ENTRIES SHOWN:
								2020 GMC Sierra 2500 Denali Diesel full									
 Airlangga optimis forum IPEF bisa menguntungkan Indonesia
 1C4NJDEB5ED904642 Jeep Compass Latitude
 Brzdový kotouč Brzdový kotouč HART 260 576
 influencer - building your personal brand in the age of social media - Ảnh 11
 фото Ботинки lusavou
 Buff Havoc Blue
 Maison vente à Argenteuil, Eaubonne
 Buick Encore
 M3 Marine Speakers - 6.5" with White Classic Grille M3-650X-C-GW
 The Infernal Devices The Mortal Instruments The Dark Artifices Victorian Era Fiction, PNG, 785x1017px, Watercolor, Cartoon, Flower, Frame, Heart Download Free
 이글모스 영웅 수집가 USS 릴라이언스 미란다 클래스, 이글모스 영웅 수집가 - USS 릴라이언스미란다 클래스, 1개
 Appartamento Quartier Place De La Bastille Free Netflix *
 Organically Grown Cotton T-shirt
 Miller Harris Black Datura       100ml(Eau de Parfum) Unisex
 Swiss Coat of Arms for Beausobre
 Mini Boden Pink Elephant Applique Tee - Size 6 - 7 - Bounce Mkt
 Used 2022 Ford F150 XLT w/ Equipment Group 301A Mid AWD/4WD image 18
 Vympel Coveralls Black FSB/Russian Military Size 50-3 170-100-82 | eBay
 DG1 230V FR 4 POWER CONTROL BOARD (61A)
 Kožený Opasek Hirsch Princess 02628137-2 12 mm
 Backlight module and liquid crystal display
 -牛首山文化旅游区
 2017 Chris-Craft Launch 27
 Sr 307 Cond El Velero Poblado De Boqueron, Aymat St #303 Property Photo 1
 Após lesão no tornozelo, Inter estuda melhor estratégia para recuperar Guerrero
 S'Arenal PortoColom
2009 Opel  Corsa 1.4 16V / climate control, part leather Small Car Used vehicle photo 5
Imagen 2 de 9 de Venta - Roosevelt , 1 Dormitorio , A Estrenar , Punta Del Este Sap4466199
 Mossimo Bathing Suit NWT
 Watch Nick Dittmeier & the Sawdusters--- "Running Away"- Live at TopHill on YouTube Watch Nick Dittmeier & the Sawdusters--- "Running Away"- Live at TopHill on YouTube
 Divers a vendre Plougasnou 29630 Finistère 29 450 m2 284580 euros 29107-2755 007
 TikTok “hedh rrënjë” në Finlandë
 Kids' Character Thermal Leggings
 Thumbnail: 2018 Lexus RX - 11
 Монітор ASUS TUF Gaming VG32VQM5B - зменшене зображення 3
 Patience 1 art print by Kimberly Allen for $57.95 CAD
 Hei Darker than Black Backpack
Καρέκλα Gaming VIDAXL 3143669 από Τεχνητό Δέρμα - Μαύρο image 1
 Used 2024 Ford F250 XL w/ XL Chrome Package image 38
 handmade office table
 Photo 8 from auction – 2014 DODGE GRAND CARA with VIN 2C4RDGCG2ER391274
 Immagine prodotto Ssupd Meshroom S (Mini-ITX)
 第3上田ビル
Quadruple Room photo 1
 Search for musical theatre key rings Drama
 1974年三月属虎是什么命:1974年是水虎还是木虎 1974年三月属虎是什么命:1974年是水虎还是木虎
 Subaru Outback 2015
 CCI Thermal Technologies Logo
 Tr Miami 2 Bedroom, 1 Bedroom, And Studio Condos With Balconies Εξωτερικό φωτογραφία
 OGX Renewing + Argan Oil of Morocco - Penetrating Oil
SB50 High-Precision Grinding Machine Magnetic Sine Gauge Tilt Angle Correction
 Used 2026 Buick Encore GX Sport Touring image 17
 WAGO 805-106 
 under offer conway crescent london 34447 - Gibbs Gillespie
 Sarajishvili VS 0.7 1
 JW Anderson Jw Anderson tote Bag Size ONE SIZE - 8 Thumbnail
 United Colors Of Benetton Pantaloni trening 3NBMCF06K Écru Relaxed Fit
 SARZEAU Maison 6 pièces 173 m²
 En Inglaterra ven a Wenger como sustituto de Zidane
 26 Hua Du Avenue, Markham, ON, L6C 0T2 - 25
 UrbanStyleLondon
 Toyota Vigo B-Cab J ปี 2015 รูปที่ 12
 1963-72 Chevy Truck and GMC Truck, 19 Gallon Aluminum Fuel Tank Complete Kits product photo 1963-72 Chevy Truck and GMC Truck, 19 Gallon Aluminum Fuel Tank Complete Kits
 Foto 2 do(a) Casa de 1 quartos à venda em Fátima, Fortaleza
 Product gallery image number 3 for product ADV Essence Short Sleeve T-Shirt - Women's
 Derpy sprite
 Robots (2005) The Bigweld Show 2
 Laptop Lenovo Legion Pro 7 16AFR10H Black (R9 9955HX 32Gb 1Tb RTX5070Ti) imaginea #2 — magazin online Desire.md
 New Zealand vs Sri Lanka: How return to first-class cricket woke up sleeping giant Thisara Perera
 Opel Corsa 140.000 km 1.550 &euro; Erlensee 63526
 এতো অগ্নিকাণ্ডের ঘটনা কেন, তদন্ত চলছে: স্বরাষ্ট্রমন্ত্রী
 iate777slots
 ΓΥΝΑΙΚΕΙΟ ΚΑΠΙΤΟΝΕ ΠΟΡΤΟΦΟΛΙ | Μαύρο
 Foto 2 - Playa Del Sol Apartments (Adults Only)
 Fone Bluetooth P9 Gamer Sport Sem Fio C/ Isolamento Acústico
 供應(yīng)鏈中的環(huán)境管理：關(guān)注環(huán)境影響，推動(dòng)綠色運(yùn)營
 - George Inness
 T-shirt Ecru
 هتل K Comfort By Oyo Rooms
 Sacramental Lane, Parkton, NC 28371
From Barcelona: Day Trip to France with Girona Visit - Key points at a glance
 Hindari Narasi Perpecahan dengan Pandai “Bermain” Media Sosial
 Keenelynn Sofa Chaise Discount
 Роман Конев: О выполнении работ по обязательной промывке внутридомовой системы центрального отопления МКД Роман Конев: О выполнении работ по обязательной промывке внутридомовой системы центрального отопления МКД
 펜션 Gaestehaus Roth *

WHAT TO PRODUCE:
Output the lines above exactly, but only those between the line holding "Used 2022 Ford" and the line holding "Divers a vendre", inclusive.

SOLUTION:
 Used 2022 Ford F150 XLT w/ Equipment Group 301A Mid AWD/4WD image 18
 Vympel Coveralls Black FSB/Russian Military Size 50-3 170-100-82 | eBay
 DG1 230V FR 4 POWER CONTROL BOARD (61A)
 Kožený Opasek Hirsch Princess 02628137-2 12 mm
 Backlight module and liquid crystal display
 -牛首山文化旅游区
 2017 Chris-Craft Launch 27
 Sr 307 Cond El Velero Poblado De Boqueron, Aymat St #303 Property Photo 1
 Após lesão no tornozelo, Inter estuda melhor estratégia para recuperar Guerrero
 S'Arenal PortoColom
2009 Opel  Corsa 1.4 16V / climate control, part leather Small Car Used vehicle photo 5
Imagen 2 de 9 de Venta - Roosevelt , 1 Dormitorio , A Estrenar , Punta Del Este Sap4466199
 Mossimo Bathing Suit NWT
 Watch Nick Dittmeier & the Sawdusters--- "Running Away"- Live at TopHill on YouTube Watch Nick Dittmeier & the Sawdusters--- "Running Away"- Live at TopHill on YouTube
 Divers a vendre Plougasnou 29630 Finistère 29 450 m2 284580 euros 29107-2755 007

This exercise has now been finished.